- [Task requirements]:
Excluding pictures, what does the listing below contain from the line with "Used Audi Q2L" up to and including the line with "Manifestacin en Avils", word for word?

- [Data excerpts]:
====================
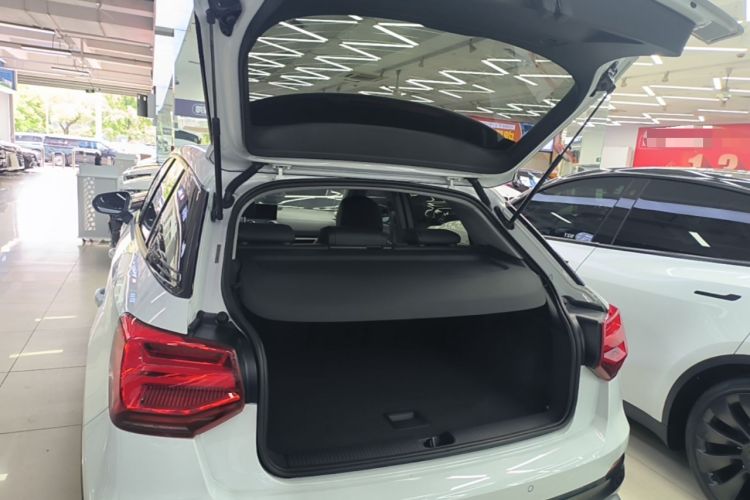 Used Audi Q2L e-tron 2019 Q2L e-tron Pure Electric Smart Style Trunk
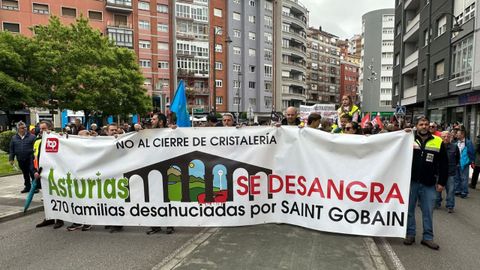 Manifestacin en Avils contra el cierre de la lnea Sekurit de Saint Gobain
====================
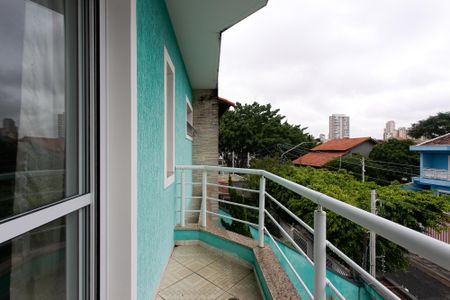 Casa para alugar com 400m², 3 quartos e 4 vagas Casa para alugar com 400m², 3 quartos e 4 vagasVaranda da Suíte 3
====================
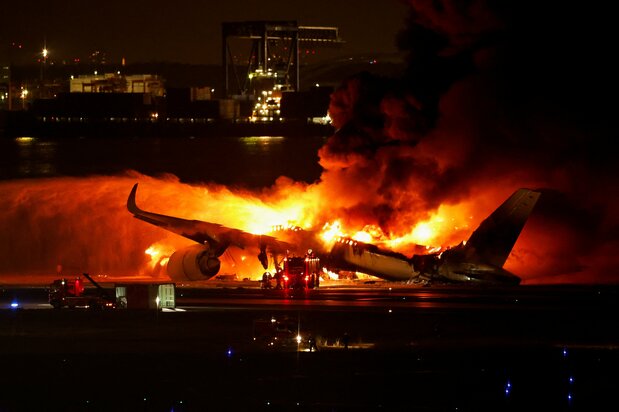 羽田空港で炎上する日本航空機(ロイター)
====================
- [Output]:
 Used Audi Q2L e-tron 2019 Q2L e-tron Pure Electric Smart Style Trunk
 Manifestacin en Avils contra el cierre de la lnea Sekurit de Saint Gobain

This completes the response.